§ Source data

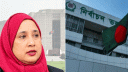 মিষ্টির শূন্য আসনে উপনির্বাচনের তফসিল ঘোষণা করলো ইসি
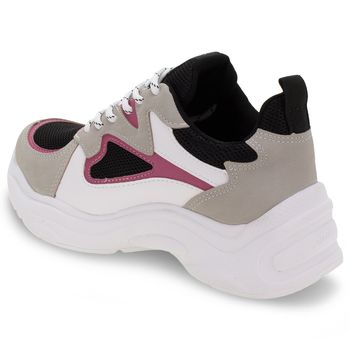 Tenis-Feminino-Dad-Sneaker-Via-Marte-20206-5830256_069-03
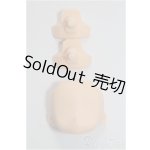 画像: ねんどろいどどーる/かすたむヘッド3セット A-24-11-20-1119-KD-ZU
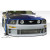 2005-2009 Ford Mustang GT Concept Body Kit - 4 Piece - image 31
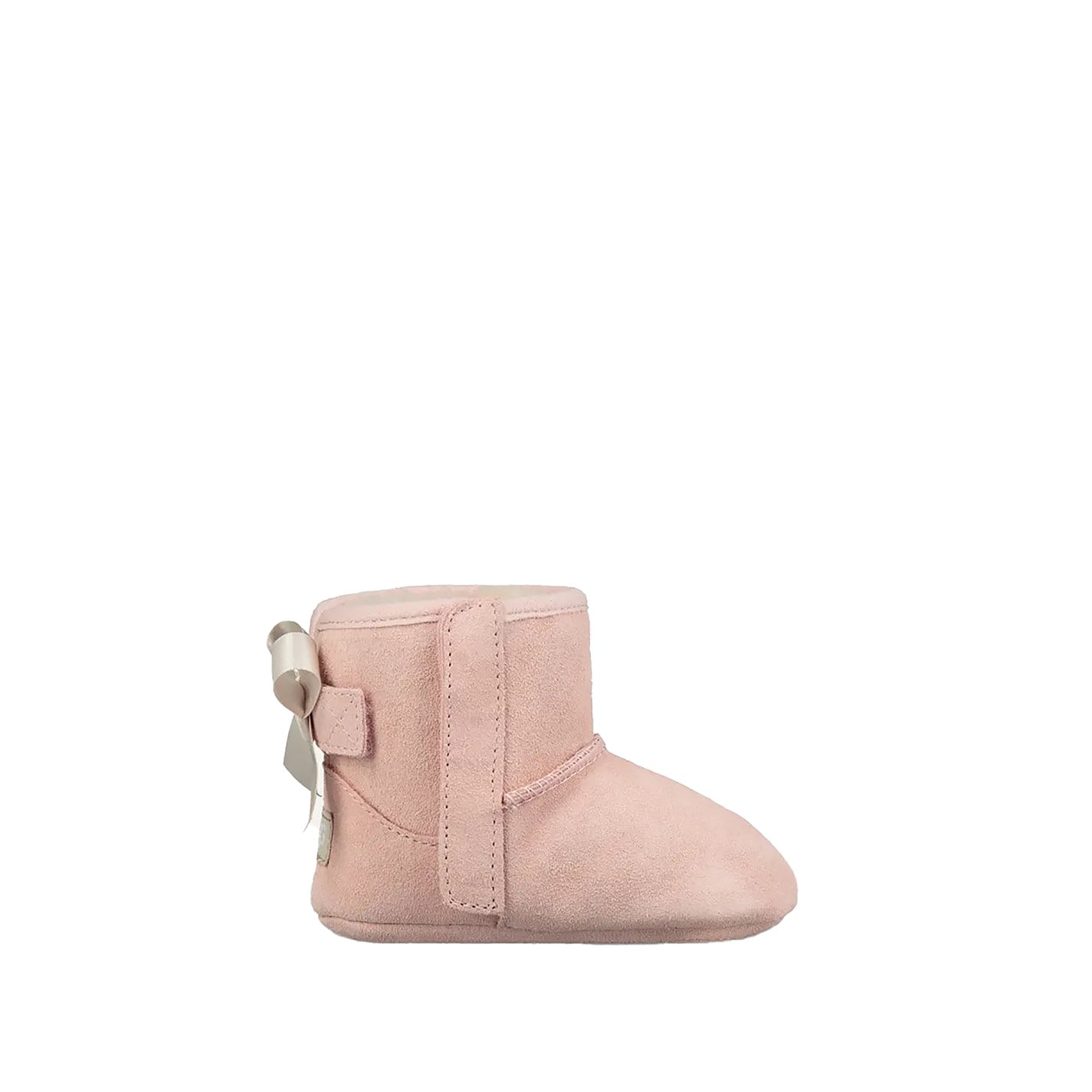 Childrens ugg style boots hotsell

§ What the exercise asks
In repeating the lines above, keep the wording exact and leave every picture out.

§ Response for this exercise
 মিষ্টির শূন্য আসনে উপনির্বাচনের তফসিল ঘোষণা করলো ইসি
 Tenis-Feminino-Dad-Sneaker-Via-Marte-20206-5830256_069-03
 画像: ねんどろいどどーる/かすたむヘッド3セット A-24-11-20-1119-KD-ZU
 2005-2009 Ford Mustang GT Concept Body Kit - 4 Piece - image 31
 Childrens ugg style boots hotsell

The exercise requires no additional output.